DR. SIEMERS: I think I can be relatively brief with regard to this last key document, which again lacks the date on which the record was made and the signature; we, therefore, do not know the author of this document. It is not an official transcript; and it again pursues a special trend. Early in November, 1939, a serious difference had arisen between Hitler and the Generals because Hitler wanted to start the offensive in the West immediately, whereas the Generals were of a different opinion, and apparently hoped that the outbreak of a real world war might still be avoided. Hitler's dissatisfaction and annoyance with his Generals are clearly evident. In consequence, by repeating, as usual, his past deeds, he strives to show what he has accomplished, and also to show that he has always been in the right. It is an absolutely typical Hitler speech, corresponding to his public speeches in which he also loved to boast and to glorify himself as a genius. Hitler, after all, belonged to those people who always believe themselves in the right, and avail themselves of every opportunity to prove it. He also took the opportunity of using threats, to nip in the bud the resistance in high military circles, which had become known to him, and in this way strengthening his dictatorship. It is absolutely typical when he says in this document literally: "I shall not shrink from anything and I shall destroy everyone who is against me." This was also recognized by foreign military leaders. I draw attention for example to General Marshall's official report, which speaks about the "lack of far-reaching military planning" and about the fact that the German High Command did not have an all-embracing strategic plan, and points out in this connection that "Hitler's prestige reached the stage at which one no longer dared to oppose his views".
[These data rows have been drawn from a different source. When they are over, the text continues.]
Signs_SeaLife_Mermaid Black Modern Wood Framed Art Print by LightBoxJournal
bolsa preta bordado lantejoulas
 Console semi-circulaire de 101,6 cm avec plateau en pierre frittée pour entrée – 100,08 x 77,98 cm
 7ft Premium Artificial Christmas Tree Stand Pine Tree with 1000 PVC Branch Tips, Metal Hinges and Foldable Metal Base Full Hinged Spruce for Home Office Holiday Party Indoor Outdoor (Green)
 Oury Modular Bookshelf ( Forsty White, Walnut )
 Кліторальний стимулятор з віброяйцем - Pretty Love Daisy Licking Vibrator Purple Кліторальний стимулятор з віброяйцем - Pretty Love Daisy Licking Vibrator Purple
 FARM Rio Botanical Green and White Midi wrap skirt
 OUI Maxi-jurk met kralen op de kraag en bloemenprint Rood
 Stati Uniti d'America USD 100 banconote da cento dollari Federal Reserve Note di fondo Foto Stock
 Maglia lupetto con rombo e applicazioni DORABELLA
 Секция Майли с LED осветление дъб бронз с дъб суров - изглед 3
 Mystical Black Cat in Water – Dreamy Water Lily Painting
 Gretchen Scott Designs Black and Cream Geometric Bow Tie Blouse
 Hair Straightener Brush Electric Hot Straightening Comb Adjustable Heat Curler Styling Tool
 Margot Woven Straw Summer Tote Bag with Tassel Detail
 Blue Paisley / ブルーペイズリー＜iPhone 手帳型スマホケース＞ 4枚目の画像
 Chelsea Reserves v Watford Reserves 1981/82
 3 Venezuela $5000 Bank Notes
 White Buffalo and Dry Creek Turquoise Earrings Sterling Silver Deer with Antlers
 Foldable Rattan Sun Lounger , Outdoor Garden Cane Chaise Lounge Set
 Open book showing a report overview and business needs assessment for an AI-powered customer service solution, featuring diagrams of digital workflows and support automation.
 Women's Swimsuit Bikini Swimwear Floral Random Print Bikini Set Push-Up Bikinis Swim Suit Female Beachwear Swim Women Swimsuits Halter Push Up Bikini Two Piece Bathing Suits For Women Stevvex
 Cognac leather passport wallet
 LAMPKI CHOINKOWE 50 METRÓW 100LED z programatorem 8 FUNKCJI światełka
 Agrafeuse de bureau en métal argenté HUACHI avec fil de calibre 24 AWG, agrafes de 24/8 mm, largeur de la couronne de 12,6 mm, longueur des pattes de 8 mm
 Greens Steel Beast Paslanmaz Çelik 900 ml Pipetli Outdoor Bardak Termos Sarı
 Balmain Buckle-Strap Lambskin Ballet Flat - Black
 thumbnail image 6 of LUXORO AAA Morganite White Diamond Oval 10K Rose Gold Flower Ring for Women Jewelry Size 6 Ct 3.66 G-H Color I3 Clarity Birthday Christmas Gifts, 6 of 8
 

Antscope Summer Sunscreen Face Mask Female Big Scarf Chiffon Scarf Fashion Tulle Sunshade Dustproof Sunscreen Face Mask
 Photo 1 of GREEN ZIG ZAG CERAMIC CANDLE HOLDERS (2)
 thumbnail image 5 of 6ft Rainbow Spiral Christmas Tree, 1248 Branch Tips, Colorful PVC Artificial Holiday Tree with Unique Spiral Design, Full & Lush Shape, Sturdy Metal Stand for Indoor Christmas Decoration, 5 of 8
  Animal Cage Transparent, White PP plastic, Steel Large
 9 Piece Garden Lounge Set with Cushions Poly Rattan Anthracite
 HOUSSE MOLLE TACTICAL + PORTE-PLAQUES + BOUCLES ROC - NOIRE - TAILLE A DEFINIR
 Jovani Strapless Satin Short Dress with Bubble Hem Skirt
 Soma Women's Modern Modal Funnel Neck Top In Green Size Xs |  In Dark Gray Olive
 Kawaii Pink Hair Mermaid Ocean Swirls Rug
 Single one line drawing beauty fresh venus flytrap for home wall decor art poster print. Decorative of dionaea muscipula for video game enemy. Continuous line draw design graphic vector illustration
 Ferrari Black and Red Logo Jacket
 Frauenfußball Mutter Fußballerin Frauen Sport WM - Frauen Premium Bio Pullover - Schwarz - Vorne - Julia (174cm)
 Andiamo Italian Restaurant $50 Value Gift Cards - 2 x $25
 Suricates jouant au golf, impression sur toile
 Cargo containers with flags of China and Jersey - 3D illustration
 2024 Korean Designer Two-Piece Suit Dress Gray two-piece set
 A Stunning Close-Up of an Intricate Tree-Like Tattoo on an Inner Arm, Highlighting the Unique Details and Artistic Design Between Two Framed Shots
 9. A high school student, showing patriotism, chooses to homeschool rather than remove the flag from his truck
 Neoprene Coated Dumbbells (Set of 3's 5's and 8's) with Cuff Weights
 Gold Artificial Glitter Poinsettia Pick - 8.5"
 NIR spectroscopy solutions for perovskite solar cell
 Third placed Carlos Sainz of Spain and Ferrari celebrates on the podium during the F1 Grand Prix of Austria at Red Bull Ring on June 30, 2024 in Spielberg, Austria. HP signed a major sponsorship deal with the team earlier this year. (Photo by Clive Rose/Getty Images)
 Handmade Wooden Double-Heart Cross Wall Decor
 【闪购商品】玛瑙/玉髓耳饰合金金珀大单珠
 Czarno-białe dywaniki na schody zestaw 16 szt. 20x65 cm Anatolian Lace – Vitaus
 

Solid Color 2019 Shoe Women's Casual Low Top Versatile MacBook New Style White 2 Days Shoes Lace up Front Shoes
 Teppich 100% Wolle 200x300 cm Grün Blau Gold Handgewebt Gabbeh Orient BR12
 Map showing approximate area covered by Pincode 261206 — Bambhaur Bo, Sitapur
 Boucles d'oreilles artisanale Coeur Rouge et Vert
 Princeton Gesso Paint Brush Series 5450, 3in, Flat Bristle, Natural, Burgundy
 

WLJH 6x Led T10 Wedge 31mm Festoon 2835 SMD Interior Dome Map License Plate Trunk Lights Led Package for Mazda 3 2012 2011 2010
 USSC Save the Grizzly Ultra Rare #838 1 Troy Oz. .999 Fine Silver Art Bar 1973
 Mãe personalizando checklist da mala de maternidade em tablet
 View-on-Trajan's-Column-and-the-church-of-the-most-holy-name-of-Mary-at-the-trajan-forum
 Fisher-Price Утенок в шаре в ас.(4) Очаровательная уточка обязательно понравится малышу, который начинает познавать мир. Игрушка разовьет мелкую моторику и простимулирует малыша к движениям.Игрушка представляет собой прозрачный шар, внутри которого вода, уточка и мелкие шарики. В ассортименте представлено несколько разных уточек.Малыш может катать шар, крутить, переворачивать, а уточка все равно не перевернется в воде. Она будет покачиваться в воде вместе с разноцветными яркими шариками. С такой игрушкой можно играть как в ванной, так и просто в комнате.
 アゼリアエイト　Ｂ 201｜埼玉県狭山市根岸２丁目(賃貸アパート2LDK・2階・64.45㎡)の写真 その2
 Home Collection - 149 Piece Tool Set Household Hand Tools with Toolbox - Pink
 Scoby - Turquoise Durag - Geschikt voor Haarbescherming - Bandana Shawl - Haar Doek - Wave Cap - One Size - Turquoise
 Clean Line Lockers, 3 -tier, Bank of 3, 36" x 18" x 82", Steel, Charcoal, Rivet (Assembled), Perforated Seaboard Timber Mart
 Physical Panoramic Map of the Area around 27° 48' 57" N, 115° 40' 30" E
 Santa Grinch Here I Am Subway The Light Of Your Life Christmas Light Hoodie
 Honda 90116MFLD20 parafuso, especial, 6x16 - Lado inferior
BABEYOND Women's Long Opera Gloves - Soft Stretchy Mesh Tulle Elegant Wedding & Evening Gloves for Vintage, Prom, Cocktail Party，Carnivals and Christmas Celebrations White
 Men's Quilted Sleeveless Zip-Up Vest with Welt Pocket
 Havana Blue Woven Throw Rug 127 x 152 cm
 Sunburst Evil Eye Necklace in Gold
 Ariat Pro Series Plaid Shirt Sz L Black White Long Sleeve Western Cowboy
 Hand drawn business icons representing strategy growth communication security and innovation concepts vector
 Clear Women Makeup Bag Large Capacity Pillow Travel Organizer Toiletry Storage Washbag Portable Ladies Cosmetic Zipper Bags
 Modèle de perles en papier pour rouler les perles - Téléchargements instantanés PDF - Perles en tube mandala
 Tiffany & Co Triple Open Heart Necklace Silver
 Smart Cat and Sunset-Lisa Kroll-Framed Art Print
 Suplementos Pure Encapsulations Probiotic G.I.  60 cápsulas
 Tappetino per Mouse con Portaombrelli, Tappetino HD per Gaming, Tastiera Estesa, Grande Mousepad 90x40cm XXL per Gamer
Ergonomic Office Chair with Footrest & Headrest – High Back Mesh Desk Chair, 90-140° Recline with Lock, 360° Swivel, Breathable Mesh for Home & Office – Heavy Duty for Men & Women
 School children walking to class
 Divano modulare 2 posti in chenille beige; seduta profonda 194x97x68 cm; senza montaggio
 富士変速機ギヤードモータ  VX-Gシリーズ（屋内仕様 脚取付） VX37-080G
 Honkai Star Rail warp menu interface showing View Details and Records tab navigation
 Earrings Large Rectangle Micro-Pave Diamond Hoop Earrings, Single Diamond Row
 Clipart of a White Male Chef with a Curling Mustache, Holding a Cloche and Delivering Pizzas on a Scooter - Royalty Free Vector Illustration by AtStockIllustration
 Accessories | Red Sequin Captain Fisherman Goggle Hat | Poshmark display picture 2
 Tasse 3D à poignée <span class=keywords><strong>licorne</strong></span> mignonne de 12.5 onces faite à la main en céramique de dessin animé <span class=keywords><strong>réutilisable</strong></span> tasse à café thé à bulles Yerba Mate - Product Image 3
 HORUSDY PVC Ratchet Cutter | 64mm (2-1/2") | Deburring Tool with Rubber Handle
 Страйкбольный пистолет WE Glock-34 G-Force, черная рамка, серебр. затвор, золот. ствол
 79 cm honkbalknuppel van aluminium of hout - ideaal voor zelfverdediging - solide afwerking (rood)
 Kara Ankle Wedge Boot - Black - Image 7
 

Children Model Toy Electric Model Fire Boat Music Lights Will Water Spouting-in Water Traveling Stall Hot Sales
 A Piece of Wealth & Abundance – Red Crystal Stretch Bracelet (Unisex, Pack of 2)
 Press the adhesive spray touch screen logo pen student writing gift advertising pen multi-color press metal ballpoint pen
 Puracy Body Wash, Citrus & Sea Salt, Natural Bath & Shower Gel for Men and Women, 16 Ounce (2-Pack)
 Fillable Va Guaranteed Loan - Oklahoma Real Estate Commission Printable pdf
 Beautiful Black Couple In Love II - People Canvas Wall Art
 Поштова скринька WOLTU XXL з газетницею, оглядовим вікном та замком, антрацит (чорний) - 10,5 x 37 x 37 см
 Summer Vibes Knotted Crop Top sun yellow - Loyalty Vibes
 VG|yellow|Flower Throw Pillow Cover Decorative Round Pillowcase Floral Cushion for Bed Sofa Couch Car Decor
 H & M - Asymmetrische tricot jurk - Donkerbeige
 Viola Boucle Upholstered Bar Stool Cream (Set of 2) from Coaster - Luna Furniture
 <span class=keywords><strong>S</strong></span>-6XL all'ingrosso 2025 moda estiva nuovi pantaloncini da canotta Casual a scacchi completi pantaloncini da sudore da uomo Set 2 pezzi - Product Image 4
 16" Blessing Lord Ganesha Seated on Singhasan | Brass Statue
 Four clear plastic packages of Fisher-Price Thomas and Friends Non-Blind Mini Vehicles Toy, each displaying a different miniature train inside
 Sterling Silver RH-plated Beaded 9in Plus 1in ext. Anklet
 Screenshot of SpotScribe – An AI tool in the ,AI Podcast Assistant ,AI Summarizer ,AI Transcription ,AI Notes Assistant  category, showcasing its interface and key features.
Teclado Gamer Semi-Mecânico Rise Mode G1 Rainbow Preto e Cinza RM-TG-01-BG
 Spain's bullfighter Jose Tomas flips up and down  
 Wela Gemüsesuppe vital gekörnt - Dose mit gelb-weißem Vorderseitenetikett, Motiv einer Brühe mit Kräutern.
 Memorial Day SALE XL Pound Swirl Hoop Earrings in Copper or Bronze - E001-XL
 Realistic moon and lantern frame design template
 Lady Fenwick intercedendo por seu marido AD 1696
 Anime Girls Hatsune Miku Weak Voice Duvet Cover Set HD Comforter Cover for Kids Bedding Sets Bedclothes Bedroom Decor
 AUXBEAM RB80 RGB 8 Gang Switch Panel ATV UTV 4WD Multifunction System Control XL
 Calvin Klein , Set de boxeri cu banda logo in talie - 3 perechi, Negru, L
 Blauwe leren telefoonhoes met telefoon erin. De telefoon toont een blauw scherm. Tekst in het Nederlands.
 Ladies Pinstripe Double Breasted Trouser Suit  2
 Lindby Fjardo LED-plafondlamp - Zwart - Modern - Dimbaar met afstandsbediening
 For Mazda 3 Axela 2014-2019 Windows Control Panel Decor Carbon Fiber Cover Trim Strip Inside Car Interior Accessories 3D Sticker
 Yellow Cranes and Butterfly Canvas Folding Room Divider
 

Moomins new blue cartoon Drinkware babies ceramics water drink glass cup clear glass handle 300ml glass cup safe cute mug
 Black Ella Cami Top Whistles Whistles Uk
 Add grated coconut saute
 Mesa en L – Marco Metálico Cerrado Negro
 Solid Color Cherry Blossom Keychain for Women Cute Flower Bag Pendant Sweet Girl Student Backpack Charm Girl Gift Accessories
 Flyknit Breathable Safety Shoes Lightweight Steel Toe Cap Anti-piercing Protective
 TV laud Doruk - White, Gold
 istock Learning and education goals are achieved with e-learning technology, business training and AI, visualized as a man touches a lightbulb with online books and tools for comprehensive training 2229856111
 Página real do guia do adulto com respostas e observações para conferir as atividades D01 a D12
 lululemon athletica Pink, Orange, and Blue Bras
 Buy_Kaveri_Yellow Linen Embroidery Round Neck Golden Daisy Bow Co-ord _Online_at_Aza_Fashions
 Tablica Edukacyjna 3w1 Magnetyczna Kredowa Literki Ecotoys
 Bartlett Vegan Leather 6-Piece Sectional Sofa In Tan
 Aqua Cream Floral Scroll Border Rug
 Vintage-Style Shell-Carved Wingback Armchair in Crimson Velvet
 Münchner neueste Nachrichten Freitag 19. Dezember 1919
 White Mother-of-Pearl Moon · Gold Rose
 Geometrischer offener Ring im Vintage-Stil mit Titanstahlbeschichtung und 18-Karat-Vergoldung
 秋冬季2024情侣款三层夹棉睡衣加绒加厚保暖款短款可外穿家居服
Finally it remains to be mentioned that these last key documents date from a time when the war was already in progress, and that the military leaders cannot he blamed if in all their plannings during a war they strive to attain victory. The allies too were planning at the same time. I refer to documents Ribbentrop Exhibit No. 222 and Raeder Exhibit No. 34; the former dates from 1st September, 1939, and is a secret letter from General Gamelin to Daladier containing the basic idea that it is necessary to invade Belgium in order to wage the war outside the French frontier. The other document also deals with military plans; it is a secret letter from General Gamelin to General Lelong, military attache of the French Embassy in London, dated 13th November, 1939, and also concerns the operation which the Allies had planned in Holland and Belgium.

(The Tribunal adjourned until 17th July, 1946, at 1000 hours.)